Bulgarian Customs Capture Roman Statue at Turkish Border

The Bulgarian Customs Agency has bestowed upon the Regional History Museum in Burgas a statue of a Roman goddess or a female aristocrat that they captured at the Bulgaria-Turkey border.
The Roman statue is dated to the 2nd century AD; it was seized during a customs check at the Lesovo border crossing point from a Volvo truck with Turkish license plates transporting clothes from Turkey to Belgium via Bulgaria.
The statue was formally received as a donation Wednesday by Tsonya Drazheva, head of the Burgas Regional History Museum in connection with the European Cultural Heritage Days.
Under the Bulgarian legislation, the Roman statue will be kept in the Black Sea city of Burgas until the respective authorities figure out its origin and whether it has been stolen and searched for by Interpol.
The ancient statue seized from the international treasure hunters and antique trafficking mafia bears no marks from any museum, which means that the valuable archaeological find will probably be kept permanently by the Burgas museum.
The Roman statue in question probably used to decorate the forum of a large city in the Roman Empire, according to Drazheva.

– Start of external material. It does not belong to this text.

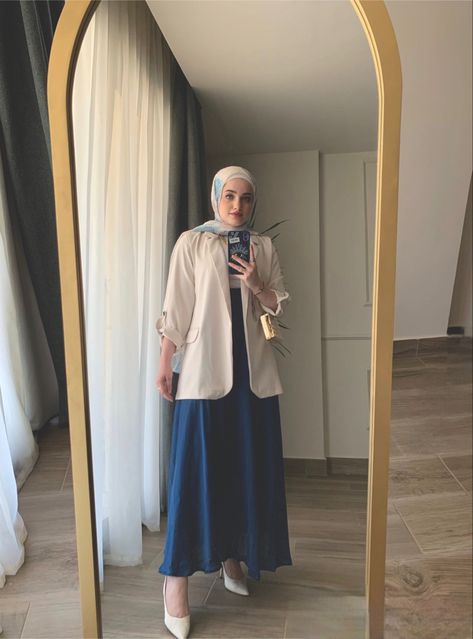 Blue Skirt Outfit Ideas Hijab, Dark Blue Skirt Outfit Ideas, Blue Skirt Outfit Hijab, Navy Blue Hijab Outfit, Navy Blue Satin Skirt Outfit, Royal Blue Skirt Outfit, Dark Blue Skirt Outfit, Navy Blue Satin Skirt, Blue Satin Skirt Outfit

It is made of Mediterranean marble.
The head of the statue from the late Antiquity period was probably removed during the age of early Christianity, which was a common practice at the time.
Thanks to the Burgas Customs, the local history museum is the only one in Bulgaria outside of Sofia, which has an entire collection of ancient artifacts and finds captured from traffickers of antiques.